> [Record excerpts]:
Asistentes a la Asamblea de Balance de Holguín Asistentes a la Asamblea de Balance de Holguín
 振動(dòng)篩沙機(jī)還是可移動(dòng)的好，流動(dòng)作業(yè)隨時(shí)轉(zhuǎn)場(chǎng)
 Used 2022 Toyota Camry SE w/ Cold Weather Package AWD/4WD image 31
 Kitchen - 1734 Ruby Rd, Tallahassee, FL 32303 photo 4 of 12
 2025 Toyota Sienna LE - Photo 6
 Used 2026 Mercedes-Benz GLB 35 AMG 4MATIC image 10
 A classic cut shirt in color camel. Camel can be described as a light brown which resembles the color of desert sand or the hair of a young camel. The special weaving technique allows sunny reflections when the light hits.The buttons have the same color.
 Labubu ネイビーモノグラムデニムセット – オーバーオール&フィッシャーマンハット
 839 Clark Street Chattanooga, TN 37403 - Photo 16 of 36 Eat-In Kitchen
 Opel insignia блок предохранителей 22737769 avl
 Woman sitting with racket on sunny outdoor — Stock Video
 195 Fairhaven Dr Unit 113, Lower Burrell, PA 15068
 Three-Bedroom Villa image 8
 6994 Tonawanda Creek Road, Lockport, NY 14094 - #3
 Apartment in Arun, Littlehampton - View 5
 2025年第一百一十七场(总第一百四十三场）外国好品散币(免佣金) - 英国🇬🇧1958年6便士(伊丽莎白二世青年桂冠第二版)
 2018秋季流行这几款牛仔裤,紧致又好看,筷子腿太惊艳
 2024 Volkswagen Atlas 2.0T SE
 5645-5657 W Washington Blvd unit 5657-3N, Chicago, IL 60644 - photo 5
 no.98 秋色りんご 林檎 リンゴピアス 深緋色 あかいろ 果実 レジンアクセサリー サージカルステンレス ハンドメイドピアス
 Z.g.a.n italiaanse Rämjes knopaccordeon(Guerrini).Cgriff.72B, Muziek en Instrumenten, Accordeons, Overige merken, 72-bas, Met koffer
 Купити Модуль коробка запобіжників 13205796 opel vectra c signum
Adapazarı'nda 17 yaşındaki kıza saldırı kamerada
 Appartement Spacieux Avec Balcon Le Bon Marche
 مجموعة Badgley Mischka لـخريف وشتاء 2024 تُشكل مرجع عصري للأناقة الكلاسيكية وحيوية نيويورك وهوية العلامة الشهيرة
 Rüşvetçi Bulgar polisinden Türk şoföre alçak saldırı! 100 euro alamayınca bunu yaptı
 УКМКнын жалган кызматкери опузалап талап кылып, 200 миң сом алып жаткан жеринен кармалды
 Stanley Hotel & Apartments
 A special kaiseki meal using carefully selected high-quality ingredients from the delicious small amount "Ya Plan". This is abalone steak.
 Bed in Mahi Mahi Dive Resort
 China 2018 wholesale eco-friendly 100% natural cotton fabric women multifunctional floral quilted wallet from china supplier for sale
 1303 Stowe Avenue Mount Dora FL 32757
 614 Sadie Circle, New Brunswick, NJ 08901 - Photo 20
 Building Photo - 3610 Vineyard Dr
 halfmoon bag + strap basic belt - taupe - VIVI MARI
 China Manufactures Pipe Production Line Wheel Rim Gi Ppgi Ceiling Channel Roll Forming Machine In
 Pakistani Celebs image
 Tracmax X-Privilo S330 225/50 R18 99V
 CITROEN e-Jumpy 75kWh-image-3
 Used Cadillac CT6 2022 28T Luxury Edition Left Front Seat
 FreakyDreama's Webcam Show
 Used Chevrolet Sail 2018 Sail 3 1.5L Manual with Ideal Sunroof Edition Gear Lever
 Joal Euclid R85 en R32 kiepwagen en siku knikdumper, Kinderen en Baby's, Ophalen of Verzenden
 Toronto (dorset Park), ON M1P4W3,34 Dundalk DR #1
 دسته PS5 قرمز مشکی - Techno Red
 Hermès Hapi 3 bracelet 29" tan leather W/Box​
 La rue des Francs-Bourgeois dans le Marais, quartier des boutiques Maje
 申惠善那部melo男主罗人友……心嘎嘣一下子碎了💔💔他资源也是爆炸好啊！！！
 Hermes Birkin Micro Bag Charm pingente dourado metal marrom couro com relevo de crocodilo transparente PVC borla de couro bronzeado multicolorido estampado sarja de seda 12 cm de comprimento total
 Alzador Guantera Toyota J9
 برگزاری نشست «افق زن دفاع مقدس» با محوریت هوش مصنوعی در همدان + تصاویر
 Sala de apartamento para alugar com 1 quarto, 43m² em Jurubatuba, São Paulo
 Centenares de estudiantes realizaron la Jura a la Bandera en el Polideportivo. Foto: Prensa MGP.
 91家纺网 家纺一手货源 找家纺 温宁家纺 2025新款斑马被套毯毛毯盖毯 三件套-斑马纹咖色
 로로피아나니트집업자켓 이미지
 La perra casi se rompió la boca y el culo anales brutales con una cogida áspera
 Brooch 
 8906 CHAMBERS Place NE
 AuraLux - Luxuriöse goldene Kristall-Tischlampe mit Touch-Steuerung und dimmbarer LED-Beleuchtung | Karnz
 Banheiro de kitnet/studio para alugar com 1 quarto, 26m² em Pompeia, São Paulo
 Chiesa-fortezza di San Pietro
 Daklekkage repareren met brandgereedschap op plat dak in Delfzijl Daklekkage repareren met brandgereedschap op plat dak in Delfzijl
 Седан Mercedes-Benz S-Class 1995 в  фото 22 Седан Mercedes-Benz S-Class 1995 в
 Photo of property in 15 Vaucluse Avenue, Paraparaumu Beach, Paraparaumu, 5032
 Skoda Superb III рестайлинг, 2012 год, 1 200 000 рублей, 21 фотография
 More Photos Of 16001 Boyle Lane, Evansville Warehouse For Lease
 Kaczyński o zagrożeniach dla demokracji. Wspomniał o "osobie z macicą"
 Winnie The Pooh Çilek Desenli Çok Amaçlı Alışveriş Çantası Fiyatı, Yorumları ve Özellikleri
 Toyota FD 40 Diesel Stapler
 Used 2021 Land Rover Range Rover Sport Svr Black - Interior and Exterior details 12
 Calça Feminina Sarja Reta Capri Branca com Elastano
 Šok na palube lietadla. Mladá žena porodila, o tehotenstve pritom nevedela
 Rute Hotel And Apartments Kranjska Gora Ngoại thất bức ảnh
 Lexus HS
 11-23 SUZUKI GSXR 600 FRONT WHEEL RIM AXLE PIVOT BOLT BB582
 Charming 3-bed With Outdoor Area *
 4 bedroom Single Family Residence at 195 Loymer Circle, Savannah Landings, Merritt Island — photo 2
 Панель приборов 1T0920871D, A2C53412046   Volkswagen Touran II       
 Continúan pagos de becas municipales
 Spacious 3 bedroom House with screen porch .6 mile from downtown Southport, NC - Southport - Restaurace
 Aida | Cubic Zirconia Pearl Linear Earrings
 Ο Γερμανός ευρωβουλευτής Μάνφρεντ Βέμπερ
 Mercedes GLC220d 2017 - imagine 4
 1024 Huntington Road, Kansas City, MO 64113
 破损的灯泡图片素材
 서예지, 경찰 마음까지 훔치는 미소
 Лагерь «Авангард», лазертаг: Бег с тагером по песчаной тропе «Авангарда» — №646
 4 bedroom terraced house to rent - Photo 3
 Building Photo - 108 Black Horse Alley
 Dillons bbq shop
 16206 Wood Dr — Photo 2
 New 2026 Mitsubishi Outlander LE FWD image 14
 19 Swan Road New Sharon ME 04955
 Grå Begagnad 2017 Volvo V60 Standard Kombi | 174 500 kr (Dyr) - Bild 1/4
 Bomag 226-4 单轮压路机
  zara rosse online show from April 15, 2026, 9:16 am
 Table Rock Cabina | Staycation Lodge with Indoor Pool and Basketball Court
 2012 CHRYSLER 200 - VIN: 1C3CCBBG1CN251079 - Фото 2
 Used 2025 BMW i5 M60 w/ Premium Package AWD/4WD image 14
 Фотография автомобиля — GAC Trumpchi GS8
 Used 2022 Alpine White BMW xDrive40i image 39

> [Problem to work on]: Retype exactly the lines from the one containing "Used 2025 BMW" through the end of the data. Add nothing.

> [Written answer]:
 Used 2025 BMW i5 M60 w/ Premium Package AWD/4WD image 14
 Фотография автомобиля — GAC Trumpchi GS8
 Used 2022 Alpine White BMW xDrive40i image 39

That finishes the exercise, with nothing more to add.